Caitlyn Moran, the chatty columnist and author who uses a lot of capital letters and exclamation marks, is back with a new book on women and politics.

She told Woman’s Hour radio host Jenni Murray that the fact that there is a professional political class has meant other people have become disenfranchised by politics. Her bestseller How to Be a Woman in 2011 resulted in a large following for Ms Moran, but she said it took her years to become comfortable with writing about Westminster.

As a 17-year-old working at The Times, and having grown up in a large family on benefits in Wolverhampton, she said she would feel like an "idiot" if she tried to write about the subject. She realised, however, a lot of it came down to common sense and noticing trends.

She argued that it should not just be the “Oxford boys in suits” that get to write columns on politics.

“If you’re a working class woman, then you can’t afford to be pessimistic about the future because you are going to be on the front line if it all goes wrong,” she said.

Moranifesto was released on 10 March.

Laura Bates, Girl Up

It’s about time - or it will be on 21 April. The founder of pioneering project Everyday Sexism, which compiles women’s personal accounts of being abused, harassed, catcalled and undermined, is writing a new project and it is eagerly awaited.

For any woman who is sick of being told how to act, how to dress, or how to ward off unwanted advances, this book could be for you.

Girl Up is about the pressures of body image, false representations of women in the media, sex and relationships, social media “and all the other lies they told us”.

Ms Bates has also used her incredibly articulate voice to weigh into the most controversial debates about women, not least when award-winning costume designer Jenny Beaven was ridiculed for not dressing up at the Oscars, or when tabloid newspapers focused more on Home Secretary Theresa May’s cleavage than her budget proposals.

The new book follows the popular launch of a book called Everyday Sexism in 2014.

Jessica Valenti, Sex Object

The Washington Post has named Jessia Valenti “One of the most visible and successful feminists of her generation.” She names herself a “feminist killjoy”.

Either way, the prolific Guardian columnist and author Jessica Valenti is back.

If you like her witty, pithy and poignant columns, the new book by prolific writer Ms Valenti will be like one warm and familiar hug.

Out this summer, the book is an autobiographical account of Valenti’s upbringing and adolescence in New York City, and the painful and funny moments that have made her one of the most recognisable voices on gender equality today.

She has provided a loud and consistent voice in the pro-choice debate in the US as the anti-Planned Parenthood debate intensifies.

Iona Bain, Spare Change

Women often write about being women, but what will really empower women to continue writing about being women?

Money.

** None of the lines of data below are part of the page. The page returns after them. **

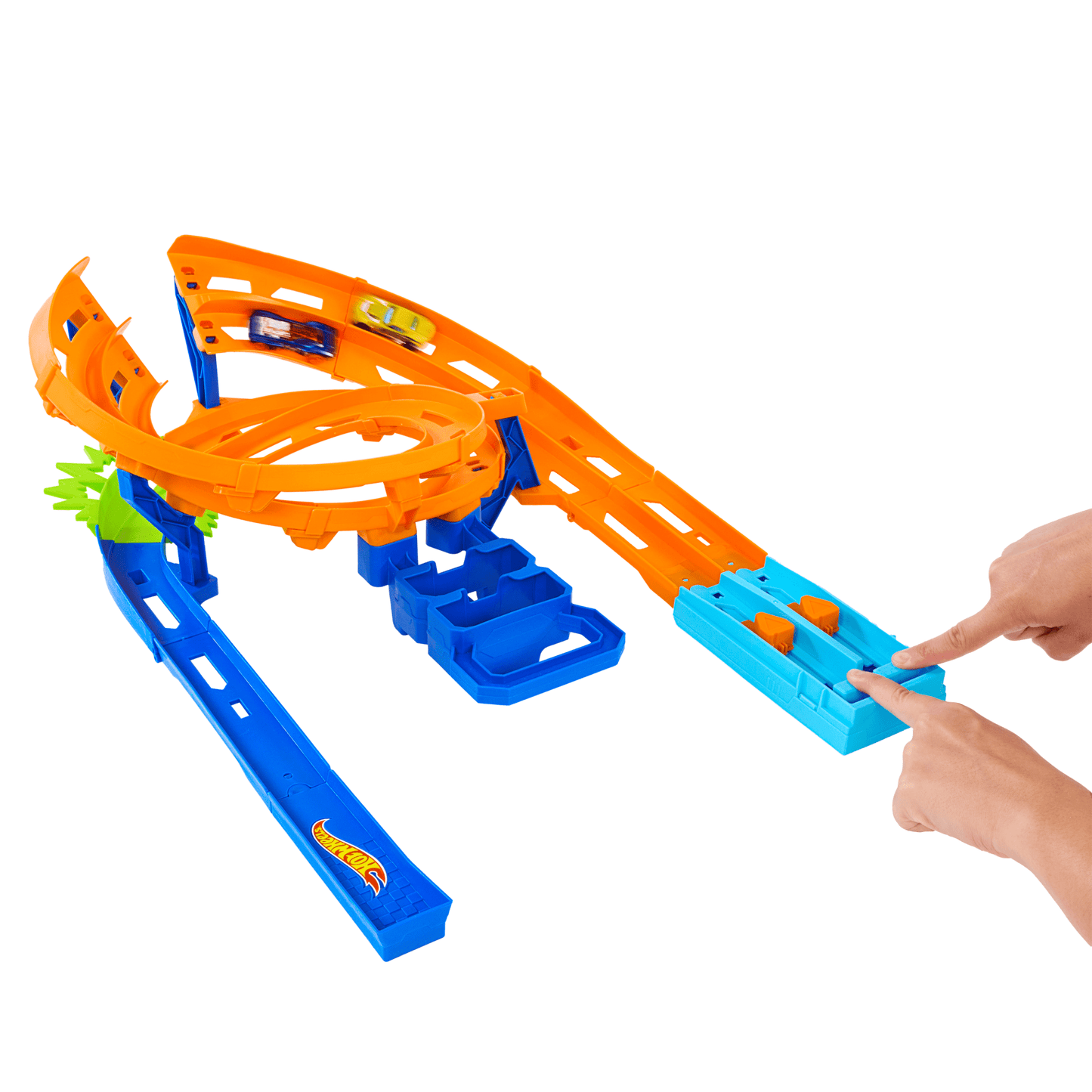 Hot Wheels Action Pista de Brinquedo Circuito Giro Veloz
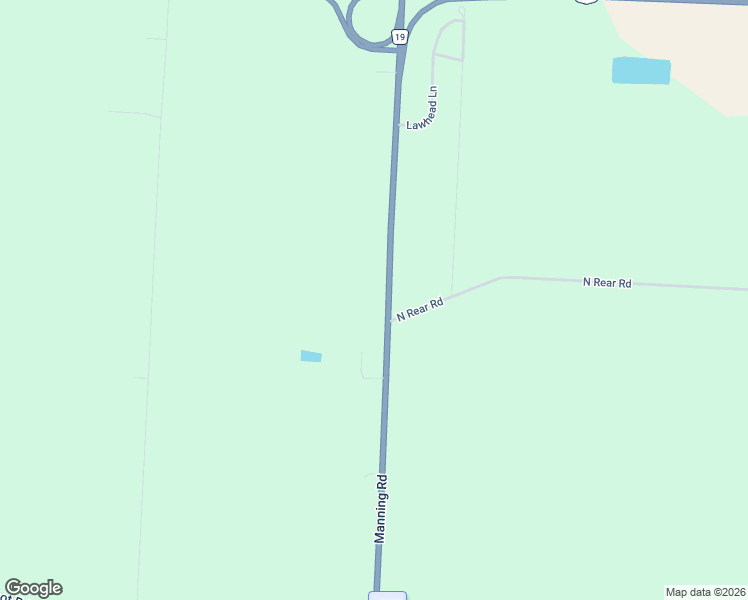 map of restaurants, bars, coffee shops, grocery stores, and more near 5285 County Road 19 in Tecumseh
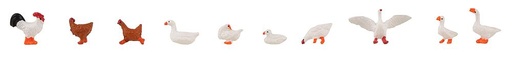 [Faller 151909  ] Faller 151909   H0  Poules, canards et oies 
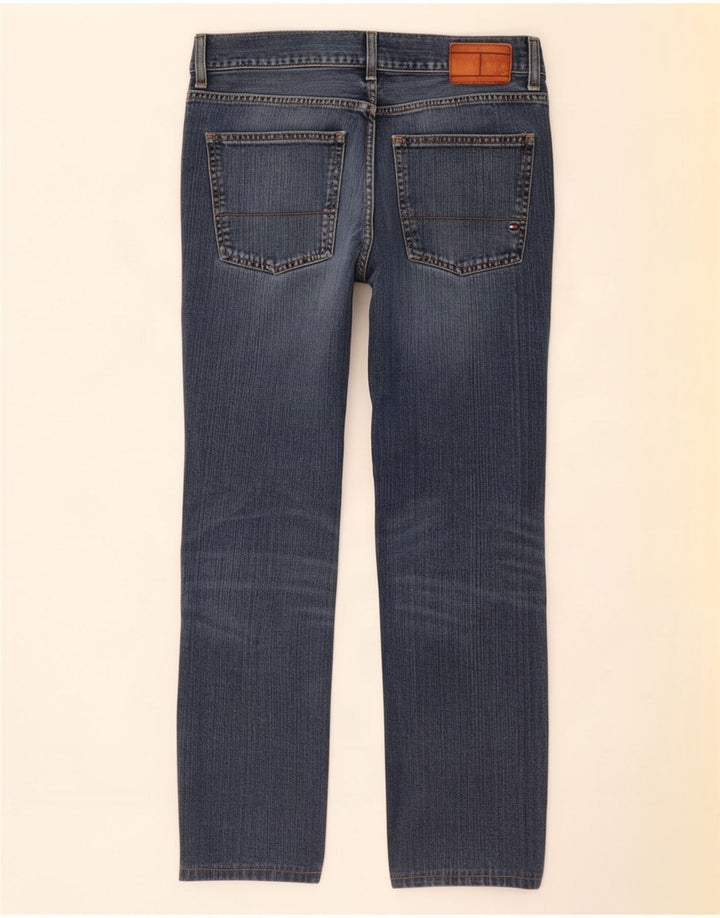 Tommy Hilfiger Jean court W32 L26 homme bleu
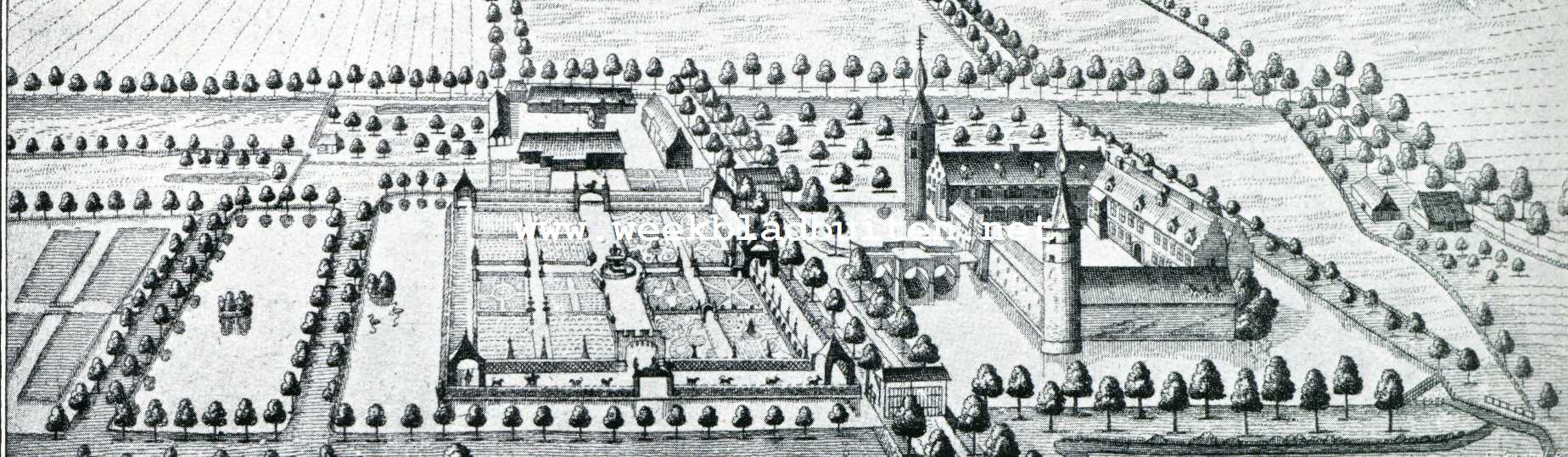 Dutch Gardens. V. 't Kasteel Oomberghe in Vlaanderen omstreeks 1640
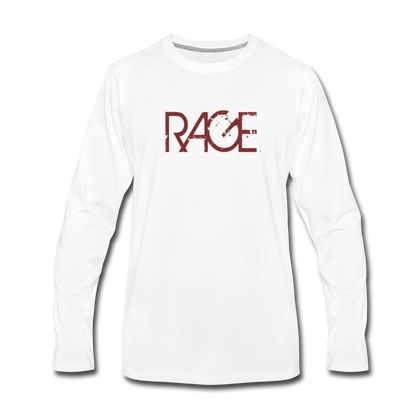 Rage Asylum Long Sleeve T-Shirt - white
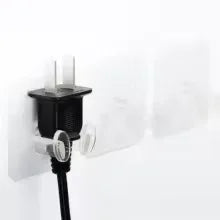 10 Pieces Adhesive Wall Storage Hook for Easy Organization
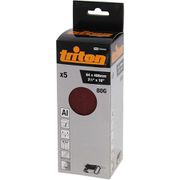 TPTA12950002 [サンディングベルト 64mm #80 5枚入]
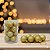 BOLA DE NATAL GLITTER DOURADA C/16 PCS 4CM0 NO TUBO - ENFEITE NATAL ARVORE - Imagem 3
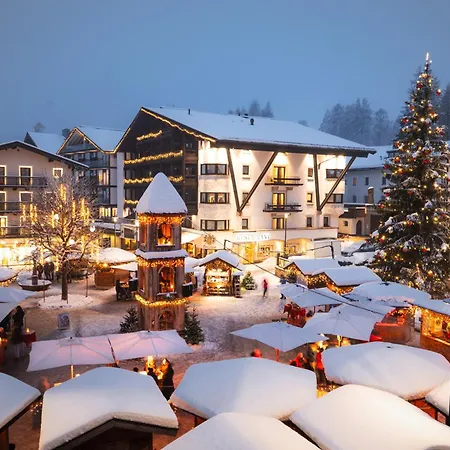 Seefeld Alpin - Rustikales Tiroler Апартаменты *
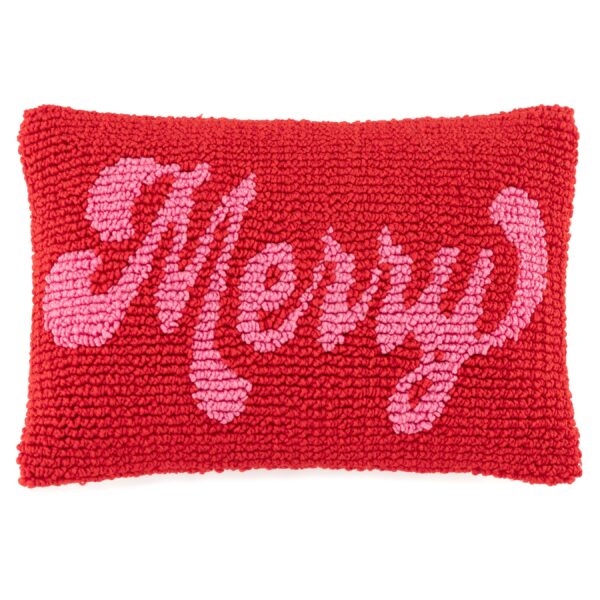 "MERRY" PILLOW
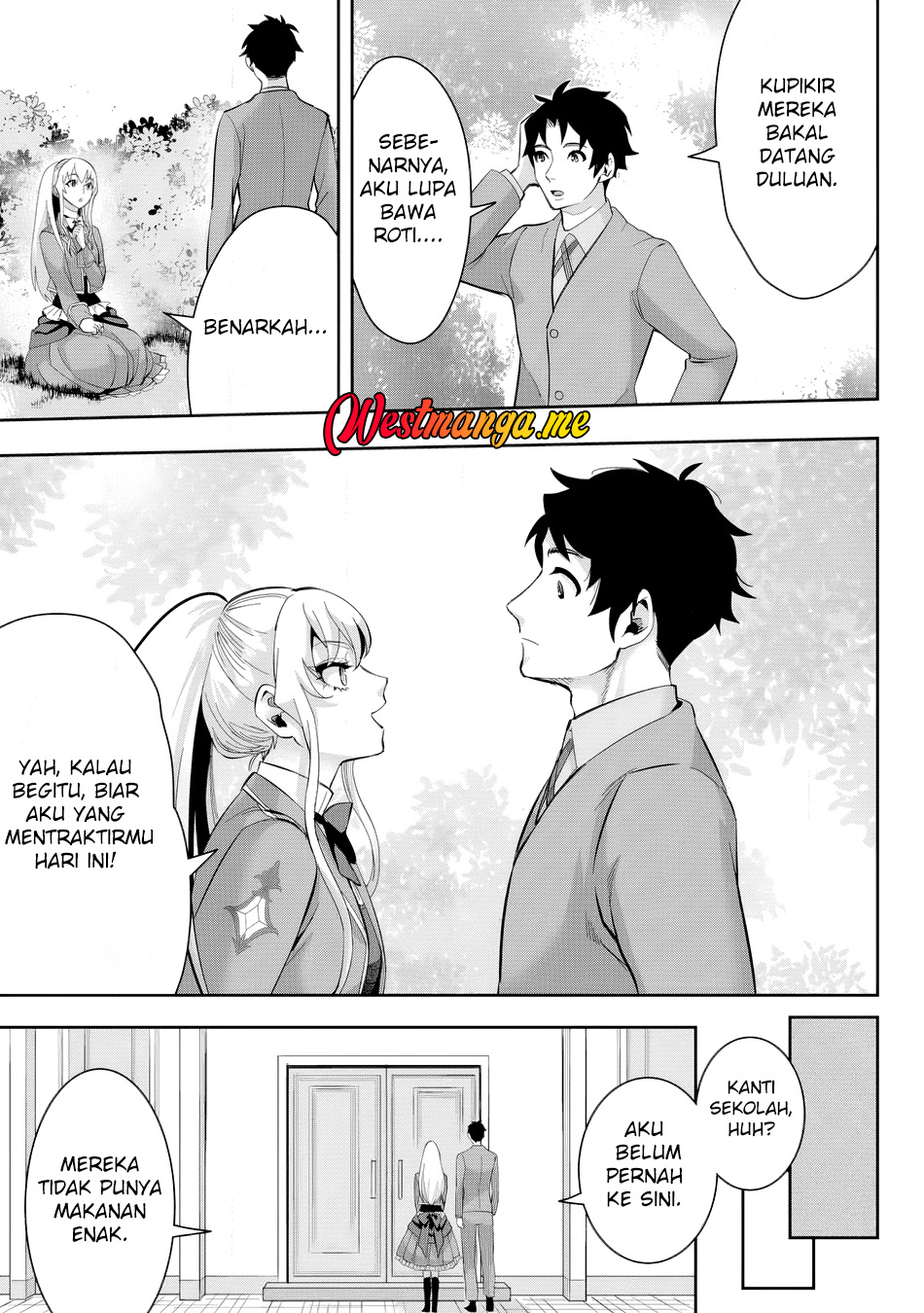 Gakuenmono No Otome Game No Sekai Ni Tensei Shita Kedo, Cheat-Mochi No Haikei Danshi Seitodatta You Desu Chapter 19 Gambar 8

And women writing about money, educating others to take steps to manage their own finances and thereby guarantee their independence - particularly young women - can be really powerful.

Funny then, why women’s magazines so often lack any advice or tips on the subject.

Enter Iona Bain, journalist and founder of the Young Money blog, following the likes of Evening Standard business journalist and six-time author Lucy Tobin.

Ms Bain's book, Spare Change, aims to help readers get the most from their finances, how to save, how to socialize on a budget, how to make an action plan and to analyse their own relationship with money.

Money and how to manage it is possibly the biggest issue for a good portion of female millennials today.